MILANO - Semyon Bychkov dirige la Czech Philharmonic. Sui leggii dell’orchestra ospite della stagione Filarmonica la Sesta Sinfonia di Gustav Mahler Tragica. Sbarca, lunedì 3 aprile 2023, alle ore 20, al Teatro alla Scala la Czech Philharmonic, orchestra ospite di questa stagione della Filarmonica: con il suo direttore principale e musicale Semyon Bychkov esegue la Sinfonia n. 6 in la minore Tragica di Gustav Mahler. L'ultima apparizione di Bychkov con la Filarmonica risale al 2012, quando aveva diretto Verklärte Nacht di Schönberg e la Seconda Sinfonia di Brahms. Tra le orchestre che hanno fatto la storia musicale europea, nominata “Orchestra dell’anno” da Gramophone nel 2022, la Czech Philharmonic ha 127 anni e ha tenuto il suo primo concerto – un programma interamente dedicato a Dvořák e diretto dal compositore stesso – nella Rudolfinum Hall il 4 gennaio 1896.
Particolarmente apprezzata per le sue interpretazioni di compositori cechi, è anche riconosciuta per il suo rapporto speciale con la musica di Brahms, Čaikovskij e Mahler, che nel 1908 diresse con l’Orchestra la prima mondiale della sua Sinfonia n. 7. L’avventura di Semyon Bychkov con la Czech Philharmonic è iniziata nel 2018 con i concerti a Praga, Londra, New York e Washington per commemorare il centesimo anniversario dell’indipendenza cecoslovacca. Dopo il culmine del Progetto Čajkovskij, Bychkov ha rivolto la sua attenzione proprio a Mahler. Nel 2022 Pentatone ha pubblicato i primi dischi di un ciclo completo di Sinfonie di Mahler: nel 2022 la Sinfonia n. 5 è stata nominata miglior album classico dell’anno dal Sunday Times. Della sua Sesta Sinfonia Mahler diceva che avrebbe proposto «enigmi» alle generazioni future, forse nei simboli, come i tre colpi di martello nel Finale, o nelle tensioni che gli sono valse il soprannome di Tragica.

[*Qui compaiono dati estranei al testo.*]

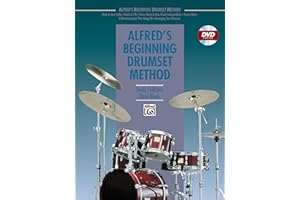 Alfred's Drumset Method: Book and DVD (Sleeve)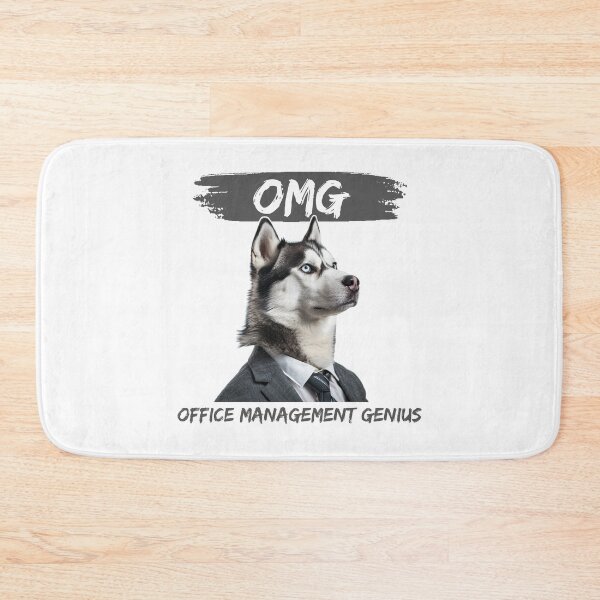 Item preview, Siberian Husky: Office Management Genius designed and sold by StoReprint1.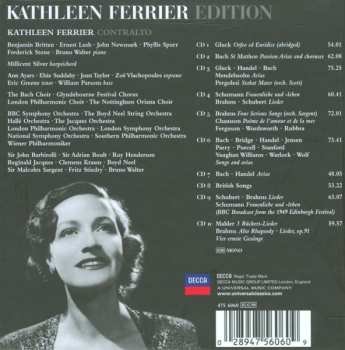 10CD/Zestaw pudełkowy Kathleen Ferrier: Edition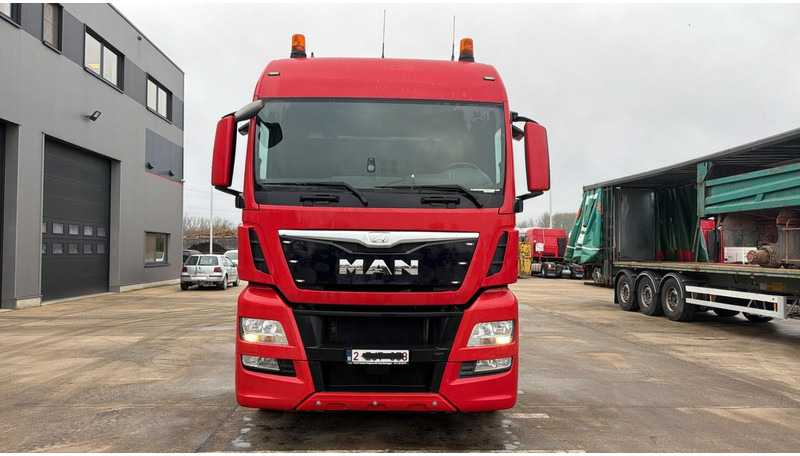 MAN TGX 18.480 (321.000 KM !!! / RETARDER / BELGIAN TRUCK / EURO 6 / PERFECT CONDITION / 3700H) - Tegljač: slika 2 MAN TGX 18.480 (321.000 KM !!! / RETARDER / BELGIAN TRUCK / EURO 6 / PERFECT CONDITION / 3700H) - Tegljač: slika 2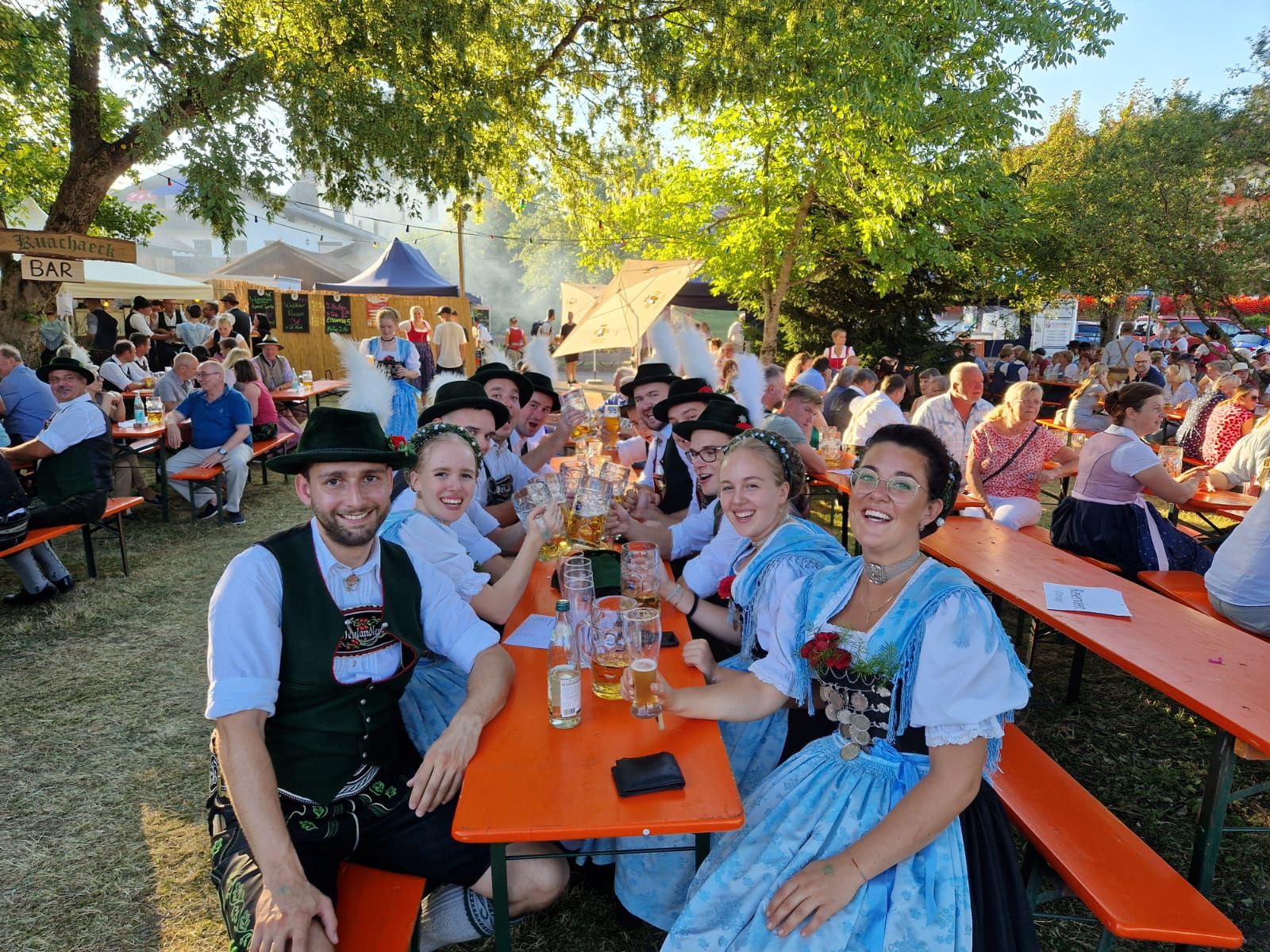 Gartenfest GTEV Seerose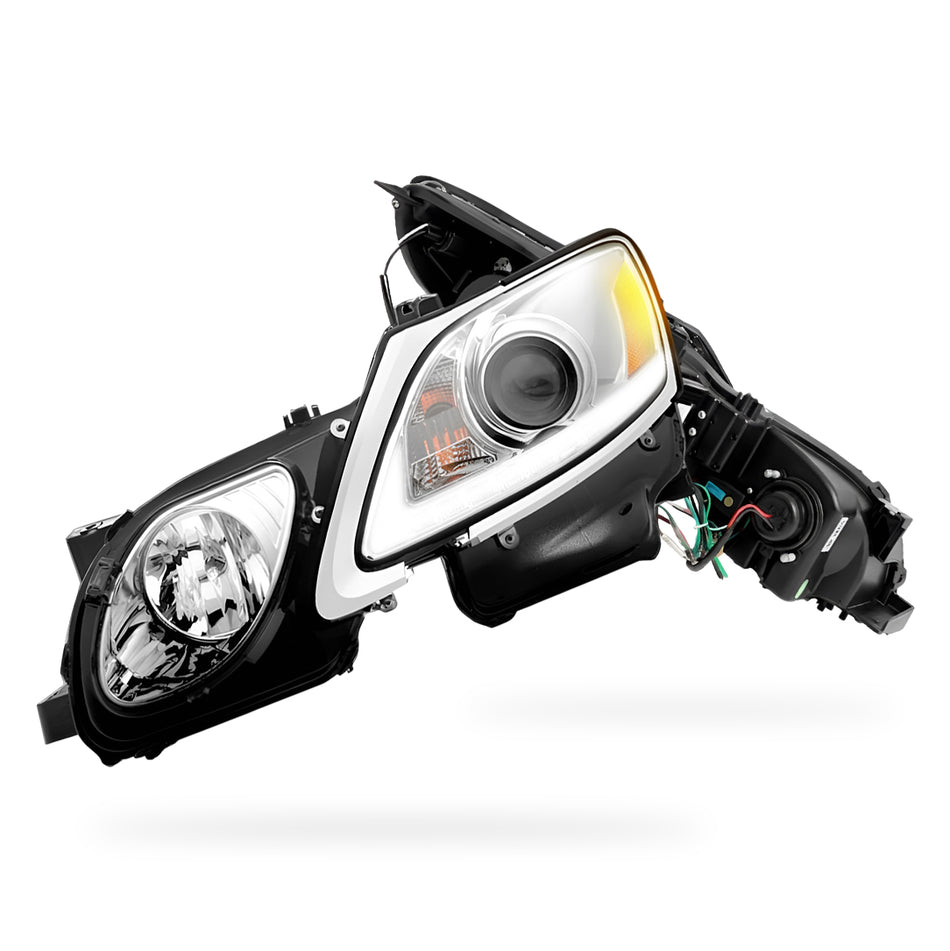Lexus GS430 S190 (2005- 2010) HID / Xenon Model LED DRL Projector Headlights LH + RH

Scrive Andrea Estero nel programma di sala: «Anche nella Sesta il “narratore” – ovvero il soggetto che racconta e dipana la trama di un romanzo ottocentesco – lascia emergere la sua voce, reclama il suo spazio, rivendica la sua funzione di regista “onnisciente”. Non solo: come nel romanzo decadentistico si identifica sempre più con il personaggio protagonista o con l’“eroe”. Così il racconto della Sesta, la sua tragica vicenda, coincide con i suoi tentativi, sempre repressi, di sfuggire alla logica formale, cioè agli imperativi del meccanismo sinfonico che lui stesso ha costruito. Ricordi, reminiscenze, interpolazioni, varianti sempre diverse e sorprendenti (gli «enigmi» di cui scrive Mahler a Richard Specht?) mettono in discussione l’oggetto sinfonico, le sue traiettorie prestabilite, aprono dei varchi affermando il diritto all’esistenza dell’“io”. Ma la forza centripeta contraria – la forma con le sue leggi e le sue necessità – alla fine lo annienta. Robert Samuels ha parlato a proposito della Sesta di “suicidio della sinfonia romantica”. Quella che si racconta non è una storia lineare, una narrazione nel vero senso della parola. Ma una possibile pista, o un plausibile “programma interiore”, di cui il protagonista è il medesimo creatore, o forse la Musica stessa».